Bhutto Bombing Links to Al-Qaeda Questioned

I don't buy it. The story that the bombing of Benazir Bhutto's motorcade was the work of al-Qaeda militants on the unstable Afghan border.

How easy would it be for the Pakistani intelligence to plant a newspaper story about a "top militant leader," Baitullah Mehsud, seeking to hit Bhutto? The Pakistanis get a two-fer: First, they create a scapegoat for the hit on Bhutto. Second, they undermine their foe Mehsud.
Musharraf said earlier that he was "deeply shocked" by the attack and condemned it in the strongest possible terms as part of a "conspiracy against democracy," [blah, blah, blah] the state-run Associated Press of Pakistan said.


Update:

Bhutto blamed al-Qaida and Taliban militants for the assassination attempt against her, and vowed she was ready to risk her life to restore democracy to her troubled homeland.

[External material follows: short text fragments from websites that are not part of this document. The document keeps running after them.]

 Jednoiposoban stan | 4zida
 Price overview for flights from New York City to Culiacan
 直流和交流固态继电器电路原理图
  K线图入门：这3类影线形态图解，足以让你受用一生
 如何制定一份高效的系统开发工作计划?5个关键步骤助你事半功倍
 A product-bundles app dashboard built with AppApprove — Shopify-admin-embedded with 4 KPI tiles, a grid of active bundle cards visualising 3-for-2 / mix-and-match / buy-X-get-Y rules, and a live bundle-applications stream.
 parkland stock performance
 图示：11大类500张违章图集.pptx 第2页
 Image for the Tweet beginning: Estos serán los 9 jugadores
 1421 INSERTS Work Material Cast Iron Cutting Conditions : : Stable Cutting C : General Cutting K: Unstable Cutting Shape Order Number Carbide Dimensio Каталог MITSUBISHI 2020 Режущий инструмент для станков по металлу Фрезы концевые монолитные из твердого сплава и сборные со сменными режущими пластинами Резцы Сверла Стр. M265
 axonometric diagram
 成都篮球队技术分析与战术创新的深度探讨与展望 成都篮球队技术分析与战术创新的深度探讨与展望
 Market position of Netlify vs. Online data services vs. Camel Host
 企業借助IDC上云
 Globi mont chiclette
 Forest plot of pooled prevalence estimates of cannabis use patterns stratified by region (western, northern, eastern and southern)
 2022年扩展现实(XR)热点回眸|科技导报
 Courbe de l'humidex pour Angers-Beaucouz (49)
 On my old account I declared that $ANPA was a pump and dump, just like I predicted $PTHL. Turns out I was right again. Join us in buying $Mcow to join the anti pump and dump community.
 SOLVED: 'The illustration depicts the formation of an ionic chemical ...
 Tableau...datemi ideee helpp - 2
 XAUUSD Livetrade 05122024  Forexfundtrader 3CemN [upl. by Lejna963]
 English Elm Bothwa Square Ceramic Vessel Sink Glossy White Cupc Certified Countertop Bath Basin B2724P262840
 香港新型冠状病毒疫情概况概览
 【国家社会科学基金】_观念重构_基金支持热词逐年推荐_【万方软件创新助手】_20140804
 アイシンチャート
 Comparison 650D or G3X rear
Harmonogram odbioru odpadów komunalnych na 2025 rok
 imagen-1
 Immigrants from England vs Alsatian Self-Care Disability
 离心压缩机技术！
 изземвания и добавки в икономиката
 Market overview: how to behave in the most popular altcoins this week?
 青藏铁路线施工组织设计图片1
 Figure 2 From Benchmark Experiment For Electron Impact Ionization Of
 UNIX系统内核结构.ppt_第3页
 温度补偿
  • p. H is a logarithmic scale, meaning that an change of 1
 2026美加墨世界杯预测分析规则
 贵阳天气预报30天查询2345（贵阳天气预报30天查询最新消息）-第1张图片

But she also hinted Friday that government or military officials could have been involved in the attack — a charge the government rejected.

She blamed remnants of the government of the former dictator, Gen. Zia.

She also said she had told Musharraf that three officials — whom she would not name — were planning suicide attacks on her.

She said the military thugs of the 1970s who terrorized her family and today's extremists and militants share the same thirst to "to kill and maim innocent people and deny them the right to a representative government."


Sources:

Associated Press, Al-Qaida links cited in Bhutto bomb, October 19, 2007.

Associated Press, Pakistan says it tried to protect Bhutto, October 20, 2007.